> DIRECTIONS
Retype only what runs from the line with "Student Life of Victoria Titova" through the end of the entries, exactly and in full, but omit any picture you find.

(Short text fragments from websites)
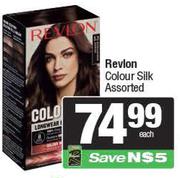 Revlon Colour Silk Assorted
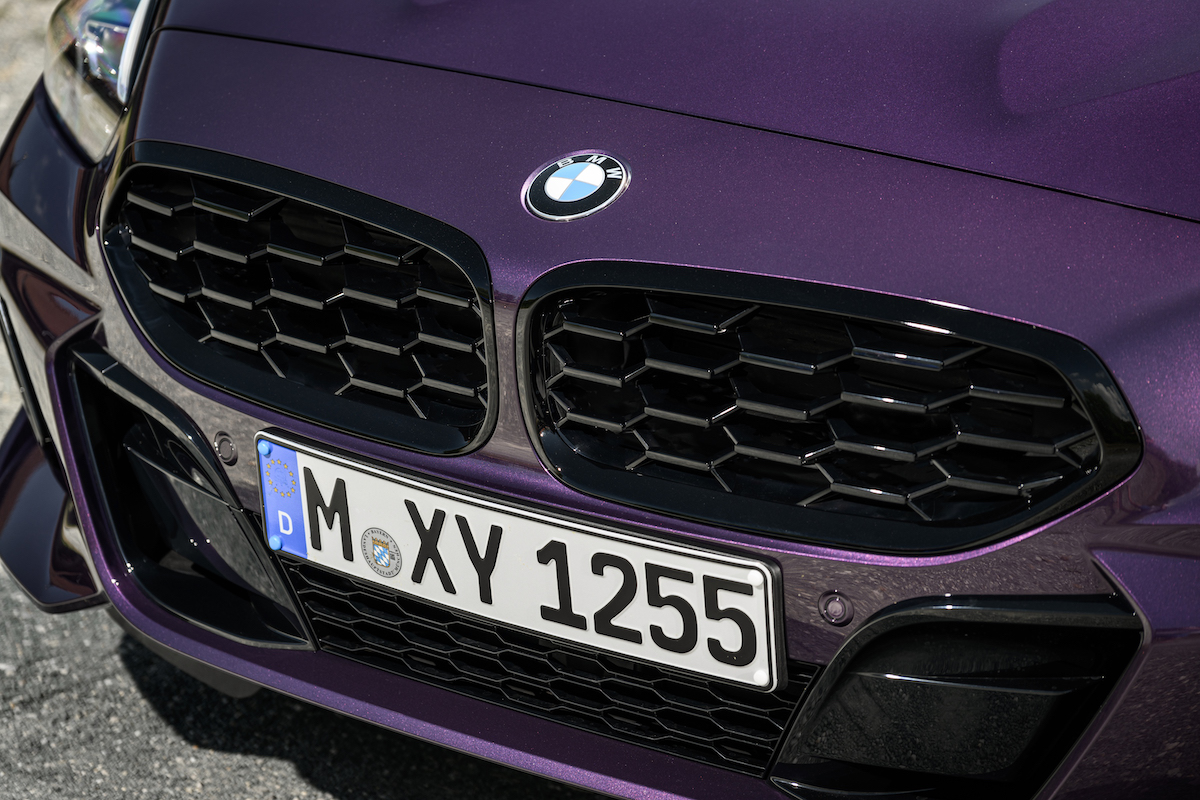 2023 BMW Z4 Facelift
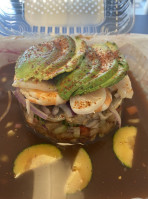 Mariscos Mas Charolas food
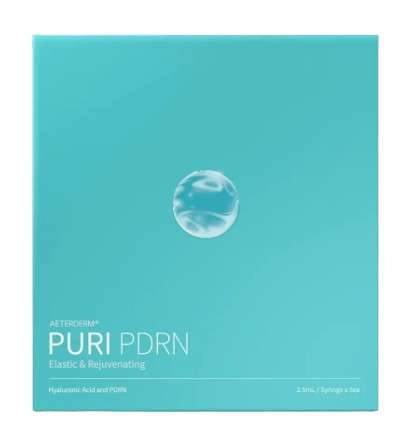 Puri PDRN — регенеруючий біоревіталізант з полінуклеотидами (PDRN)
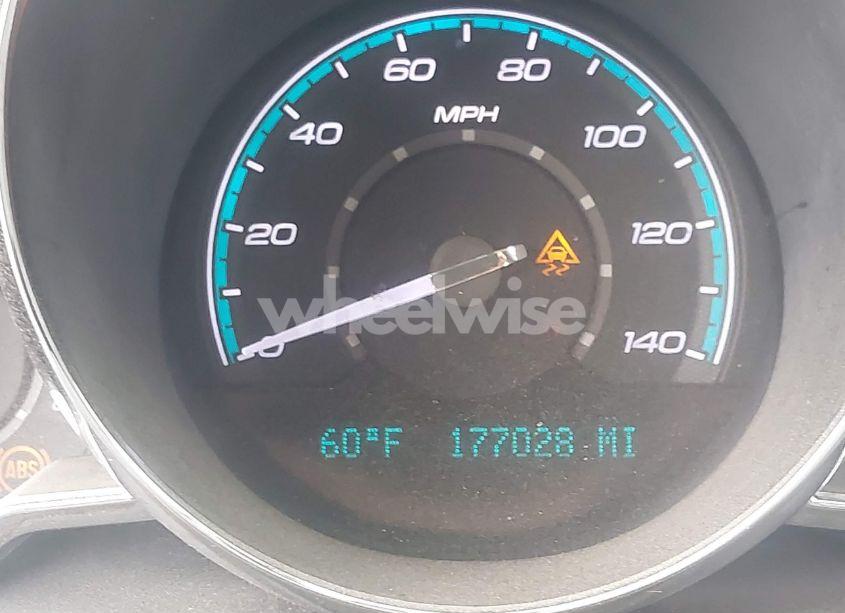 Photo 7 of 2009 Chevrolet Malibu LT (VIN 1G1ZJ577X94196483)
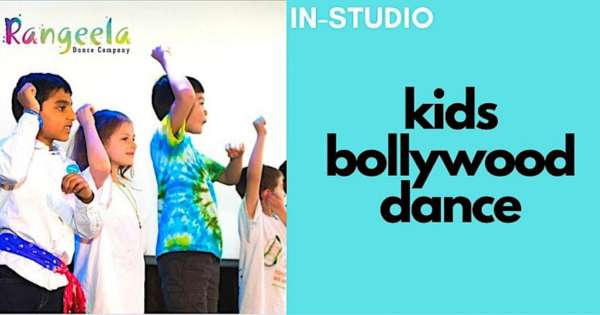 Kids Bollywood Dance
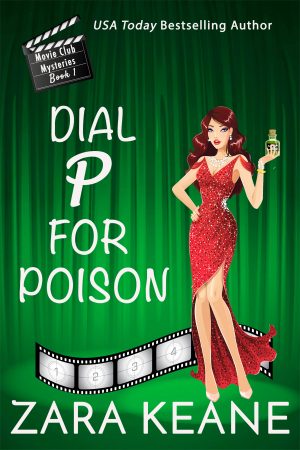 Cover for Dial P for Poison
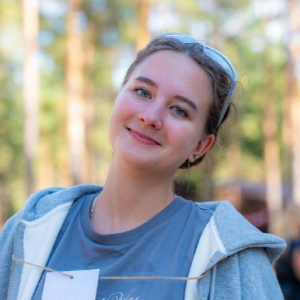 Student Life of Victoria Titova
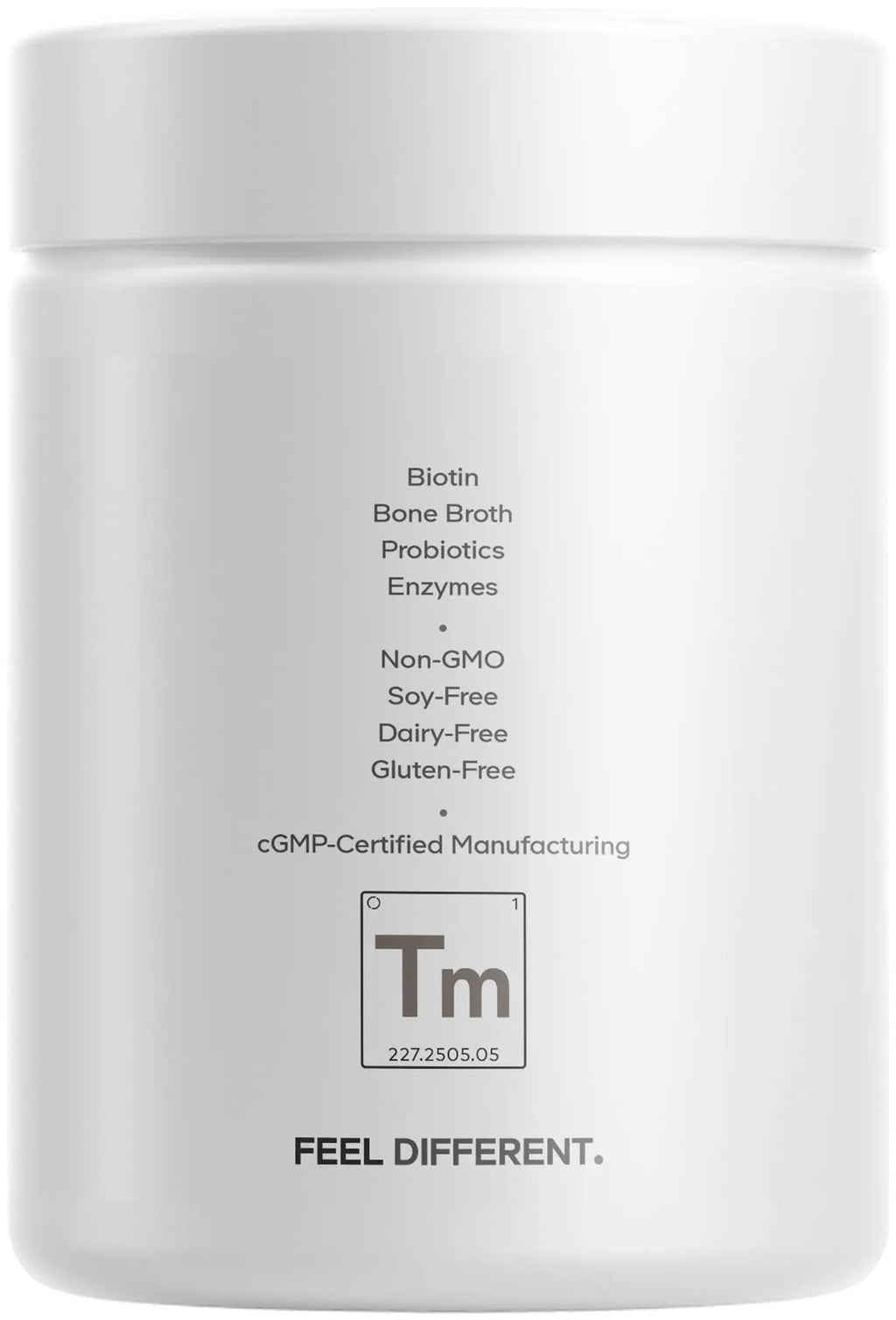 Codeage Teen Multivitamin+ Platinum Supplement - Vitamins A, C, D3, E, K2, B6, B12, Minerals, Probiotics, Citicoline Codeage Au supplements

> ANSWER SECTION
 Student Life of Victoria Titova
 Codeage Teen Multivitamin+ Platinum Supplement - Vitamins A, C, D3, E, K2, B6, B12, Minerals, Probiotics, Citicoline Codeage Au supplements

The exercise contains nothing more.